◆ **DATA FOR THE TASK**
........
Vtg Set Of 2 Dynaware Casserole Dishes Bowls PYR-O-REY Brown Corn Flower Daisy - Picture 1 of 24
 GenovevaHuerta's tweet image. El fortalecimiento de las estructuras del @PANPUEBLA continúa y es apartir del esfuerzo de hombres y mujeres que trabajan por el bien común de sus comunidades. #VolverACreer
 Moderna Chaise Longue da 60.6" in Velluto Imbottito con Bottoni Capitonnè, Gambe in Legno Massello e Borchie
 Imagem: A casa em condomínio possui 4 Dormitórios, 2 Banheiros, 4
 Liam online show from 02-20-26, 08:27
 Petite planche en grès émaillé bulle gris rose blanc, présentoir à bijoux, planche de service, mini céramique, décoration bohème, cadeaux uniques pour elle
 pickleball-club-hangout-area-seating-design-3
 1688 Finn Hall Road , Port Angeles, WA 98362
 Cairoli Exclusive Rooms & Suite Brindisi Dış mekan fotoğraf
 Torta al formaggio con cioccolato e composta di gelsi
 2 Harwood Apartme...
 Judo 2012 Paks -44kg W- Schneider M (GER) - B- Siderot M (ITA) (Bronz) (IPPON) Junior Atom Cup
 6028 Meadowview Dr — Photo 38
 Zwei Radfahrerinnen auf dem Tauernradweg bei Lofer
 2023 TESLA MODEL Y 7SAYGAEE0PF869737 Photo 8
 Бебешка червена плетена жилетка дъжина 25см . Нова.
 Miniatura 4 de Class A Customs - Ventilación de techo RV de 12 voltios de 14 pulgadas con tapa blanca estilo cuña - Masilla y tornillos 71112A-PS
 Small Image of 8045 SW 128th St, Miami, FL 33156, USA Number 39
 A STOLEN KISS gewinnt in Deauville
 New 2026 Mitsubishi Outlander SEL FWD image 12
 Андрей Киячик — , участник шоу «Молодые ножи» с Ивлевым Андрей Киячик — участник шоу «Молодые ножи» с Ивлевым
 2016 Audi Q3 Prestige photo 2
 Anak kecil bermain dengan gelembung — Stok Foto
........
◆ **ABOUT THIS TASK**
Please reproduce exactly the lines above, beginning with the first and ending with the line that contains "GenovevaHuerta's tweet image.", and include nothing outside that range.

◆ **RESPONSE**
Vtg Set Of 2 Dynaware Casserole Dishes Bowls PYR-O-REY Brown Corn Flower Daisy - Picture 1 of 24
 GenovevaHuerta's tweet image. El fortalecimiento de las estructuras del @PANPUEBLA continúa y es apartir del esfuerzo de hombres y mujeres que trabajan por el bien común de sus comunidades. #VolverACreer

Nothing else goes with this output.